Дальнейшего я уж никак не ожидал. Ленька вдруг принял стойку «смирно», приложил руку к своему плоскому митцену, повторил приказ и, сделав поворот по-военному, удалился четким шагом, звонко щелкая своими деревянными колодками.
В тот день ко мне приходило много немецких и русских товарищей. Среди них был первый знакомый мне немец Ганс из вещевого склада, блоковые 44-го и 60-го блоков. Озабоченно посверкивал очками Генрих Зудерланд. Приходил Эрнст Буссе, старейший немецкий коммунист, капо лазарета. Все пожелания немецких товарищей сводились к одному: я должен перейти на 25-й блок, безопасность мне гарантируется, а также лечение и покой.
Русские считали по-разному. Одни говорили: надо идти к Вилли и положить конец конфликту, другие опасались за меня: у Вилли штубендисты-уголовники да еще голландцы, убьют или отравят.

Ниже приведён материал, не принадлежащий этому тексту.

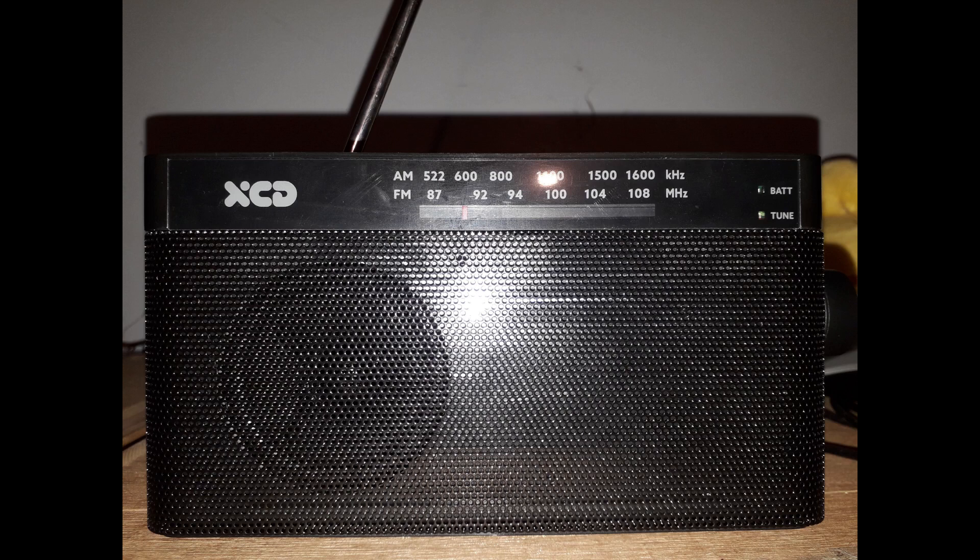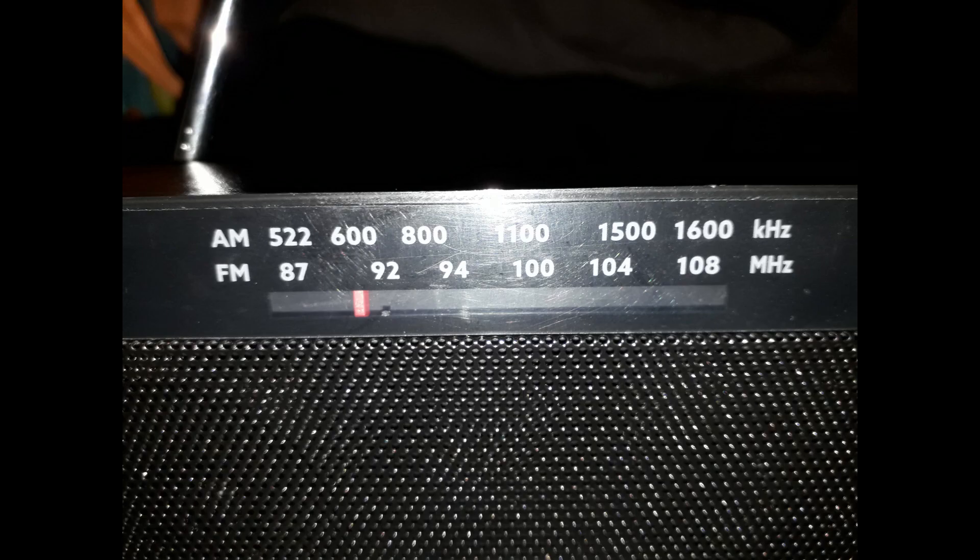XCD Portable Radio Review. I recently got this analog styled AM/FM radio for about 35 bucks, and for that price you get a nice portable radio with an analog readout of the frequencies on AM and FM radio.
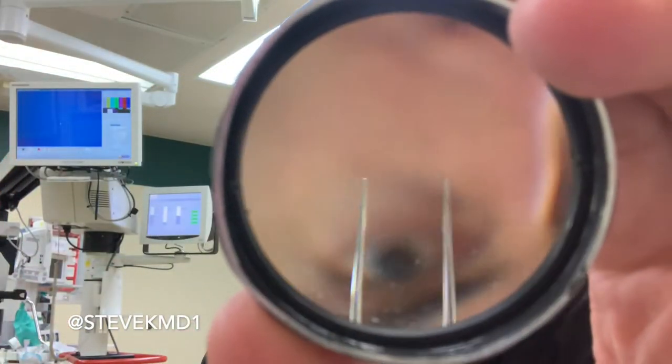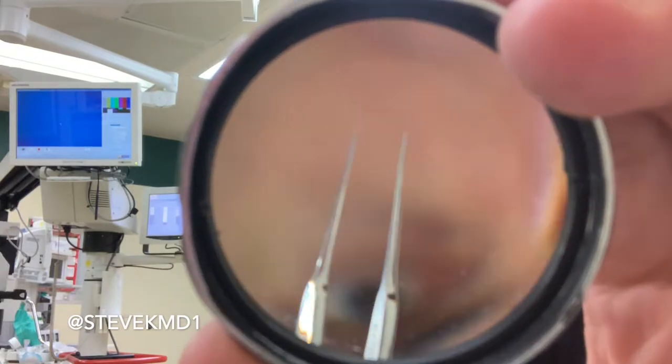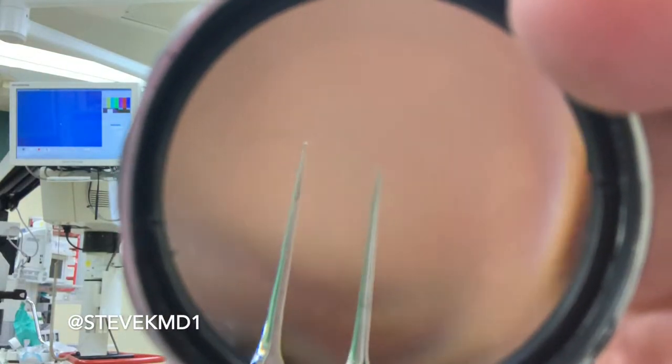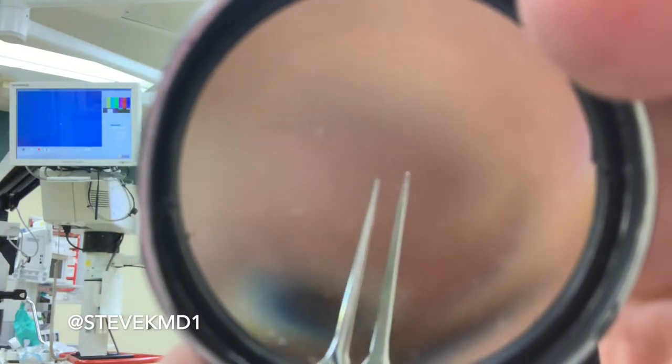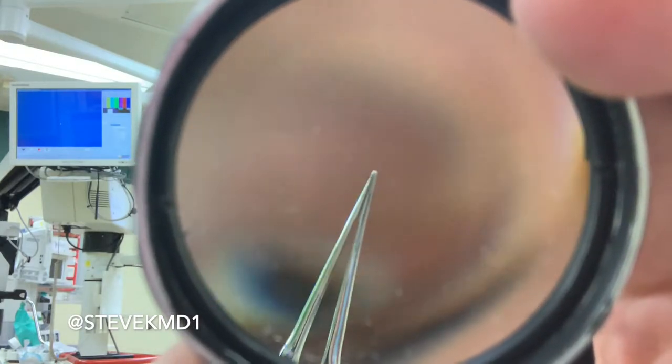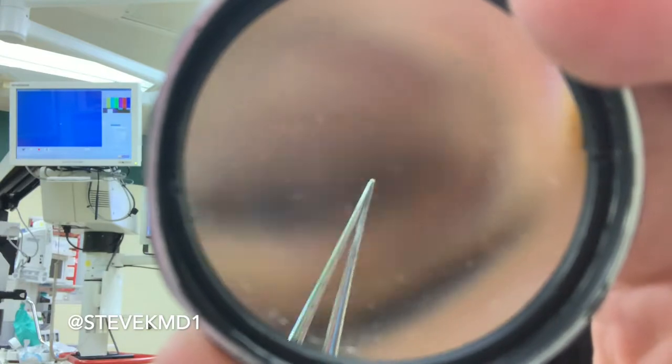Some other things we might use are 0.12 forceps — those are really common. The 0.12 size has to do with how big the teeth are on the end. They are so small that it's hard to even see the teeth, but they are there, and they grasp the eye and hold it in position.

Я слушал всех, а сам размышлял: до сих пор я видел от немецких коммунистов только хорошее и уже привык им верить. Их слово было крепкое и дружественное слово. Вспомнил голландского фельдшера, работавшего в процедурном кабинете. Он заметил мою опухоль на шее и лечил меня: что-то втирал, массировал, похлопывал, делал все очень заботливо и осторожно.
Почему я должен опасаться голландцев?
Последним в этот день зашел ко мне Николай Кальчин, всем известный и уважаемый в лагере человек.
— Вот что, Иван Иванович, долго убеждать не стану. От группы советских товарищей прошу тебя перейти на 25-й блок. С кем надо, уже договорились. Я тебя сейчас провожу туда…
Я не прекословил: это решение у меня уже созрело. Стал собираться. Подошел Вальтер. Он все понял без слов и смотрел на меня одобряюще. Тут же стоял Ленька, готовый броситься на помощь. Я подмигнул ему: дескать, все будет в порядке, а мы сами с усами и знаем, что надо делать. Он широко улыбнулся, видимо, поняв меня:
— На 25-м блоке есть хорошие ребята. Они уже все знают. Организуют охрану.
Второй раз сегодня я подхожу к 25-му блоку. Утром я бежал сюда решительный и непримиримый, сейчас еле бреду.
Вилли сидел за столом во флигеле А, положив перед собой здоровенные, как кувалды, кулачищи; Его трудно узнать: метла Толстяка оставила на его физиономии следы. Это я заметил сразу же и заметил не без удовлетворения!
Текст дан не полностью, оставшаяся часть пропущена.